De quoi a-t-on besoin pour faire un film? Une bonne histoire, des acteurs passionnés, un peu de fougue et si peu d'équipement... C'est ce que pensait Jim Donovan avant de se lancer dans l'aventure de 3 saisons, son second long métrage.

«Mais j'ai réalisé que c'est plus compliqué que ça!» lance le jeune cinéaste, fils d'une agente immobilière bien connue à Québec, Noëlline Donovan.

«Je suis le mouton noir de la famille : je suis parti vivre à Montréal et en plus je fais du cinéma!» lance-t-il à la blague.

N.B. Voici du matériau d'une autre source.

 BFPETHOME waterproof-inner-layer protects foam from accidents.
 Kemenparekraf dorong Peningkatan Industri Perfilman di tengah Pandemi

Si 3 saisons existe aujourd'hui, c'est certainement grâce à la détermination de son réalisateur, mais aussi grâce à la générosité d'un groupe d'acteurs et d'une petite équipe de tournage qui ont accepté d'être payés en différé et seulement si le film génère des profits.

 

«Je ne pourrai jamais assez remercier les gens», souligne Donovan, reconnaissant aussi envers les entreprises qui ont fourni la bière et quelques autres avantages.

Le film a été tourné avec 35 000 $ d'économies et d'emprunts. Si on ne vous le disait pas, vous ne le remarqueriez jamais à l'écran; 3 saisons est bien, bien loin de ressembler à un film d'amateurs. Petit budget, oui, mais ce sont des pros qui sont à l'oeuvre et leur façon de filmer les scènes sans artifices, mais non sans esthétisme, donne au film un caractère très authentique et très urbain.

«Mon premier film, Pure (en anglais), était stylisé à outrance. Il y avait un désir d'expérimentation. Là, j'ai eu besoin de revenir aux sources, de raconter une histoire le plus simplement possible avec un sens de l'immédiat. On travaillait avec presque rien, on a fabriqué nos propres lumières et on avait tout dans un Econoline. Comme on n'avait pas les moyens de nourrir 30 personnes, il n'y avait pas de maquilleuse ni de coiffeuse, chaque acteur était responsable de son look», raconte le cinéaste.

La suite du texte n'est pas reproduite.